The case in question – Darty Holdings SAS v Geoffrey Carton-Kelly (As Additional Liquidator of CGL Realisations Limited)  EWCA Civ 1135 – concerned a transaction by which the former electronics retailer Comet repaid £115 million of intra-group debt. It entered administration 8 months later, which was subsequently converted into a creditors' voluntary liquidation in 2013. The liquidator argued that the intra-group debt repayment was a preference.
There was a dispute about when the company gave the preference in question – was it:
- 9 November 2011 – when the company's owner entered into a Sale and Purchase Agreement (the SPA) which anticipated the repayment of £115 million Revolving Credit Facility ("RCF"); or
- 3 February 2012 – when the company's newly installed board of directors passed resolutions which had the effect of actually authorising the repayment.
A little more context is necessary for the difference to become clear. The SPA was entered into between the company's then owner, and a new buyer. The company itself was not a party. Although the SPA provided completion mechanics which envisaged the repayment of the debt, the company was not itself contractually bound by them, and the purchaser would need to procure a board meeting at which the company's new board would resolve to make the anticipated repayment. Crucially, therefore, those entering into the SPA which provided for the repayment were not those who would subsequently be required to approve the payment, and indeed the board of the company changed between the SPA and the resolution. In those circumstances, were the company's hands effectively tied to make the repayment when the SPA was executed?
First instance decision
The judge at first instance found that the company was insolvent immediately before its sale; that the £115 million repayment constituted a preference; and that the owners (who entered into the SPA) had a desire to ensure the £115 million repayment in contemplation of the company's insolvency. Crucially, the judge found that the key decision was the one taken on behalf of the company at the time the SPA was entered into – while the later board resolution was a necessary formality, the substantive decision to make the preferential repayment had already been made at the time of the SPA. Since the decision on that day had been tainted by a desire to prefer a creditor, the transaction was a preference.
Court of Appeal decision
It was common ground between the parties that none of the new board who passed the resolution on 3 February 2012 were influenced by a desire to give a preference. Therefore if that (contrary to the judge's view at first instance) was found to be the date of the operative decision to make the repayment, then the appeal would succeed.

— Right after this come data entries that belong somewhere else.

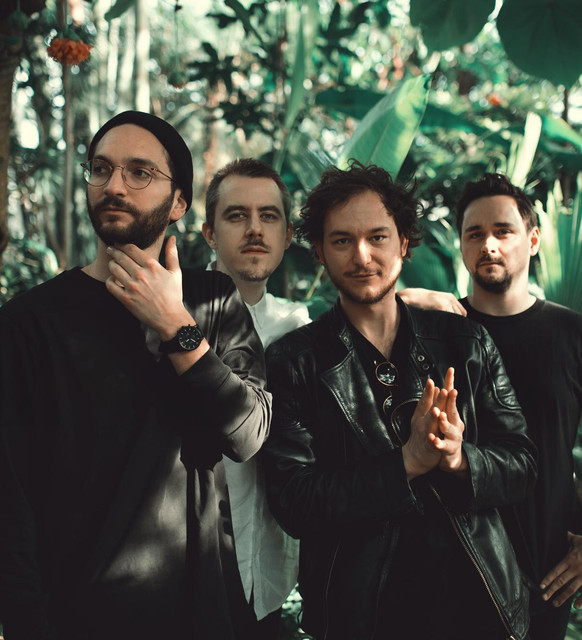 Indie-pop quartet KYTES stream new album ‘good luck’ ile ilgili görsel sonucu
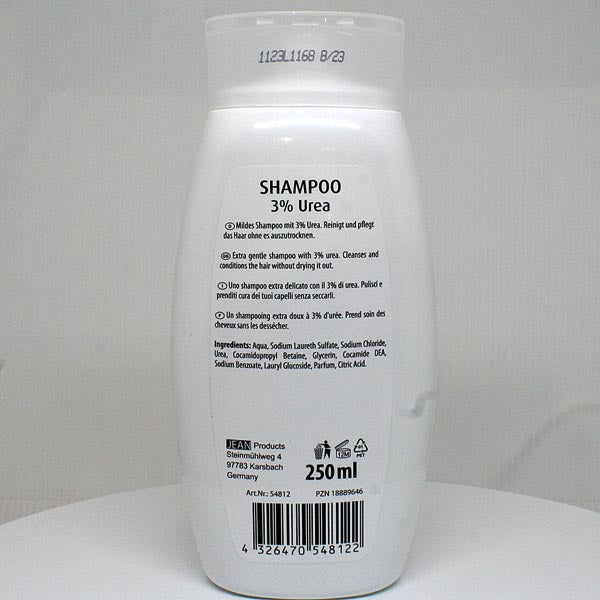 Marvita med Shampoo Urea 3% 250ml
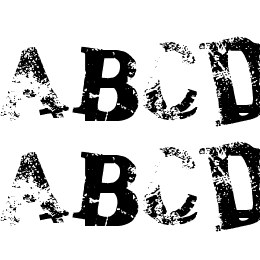 zombilaria Font File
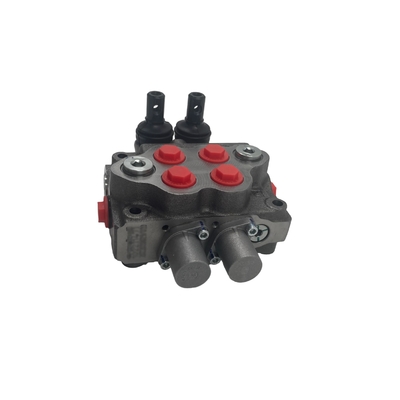 Valvola di controllo della trasmissione idraulica SD5/2-P KG-160 per Valvola elettronica a scarico Wolfo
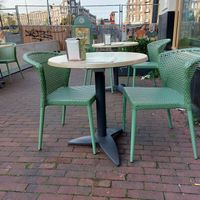 Patio! at Bagels & Beans - Raadhuisstraat in Amsterdam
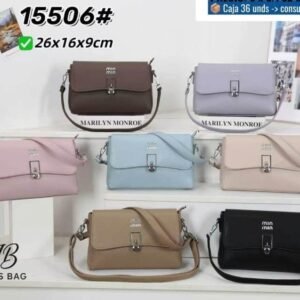MORRAL
CODIGO: 15506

Ultimately the Court of Appeal found unanimously that the company did not make a decision to repay the funds until the date of the board resolution, and there was no basis for the inferential finding that the company made a decision at the earlier date of the SPA – while matters were arranged (by others) so that the company's new board would have little choice but to accept the terms on offer on 3 February 2012, that was not the same as the company having decided to accept them in November 2011. In the circumstances, the operative decision was the one made by the new board in February 2012 and, since that decision was not influenced by a desire to prefer a creditor, the transaction was not a preference under s.239 Insolvency Act.
While the case is obviously highly fact-specific, this is not an isolated scenario – the Court of Appeal was referred to various previous authorities considering the question of when such operative decisions were made. However, the case illustrates the difficulties attendant on insolvency practitioners appointed following such business sales, and in clawing back alleged preferences where the payment lever was installed at the behest of a creditor, but only pulled later, and by new, unconnected decision makers.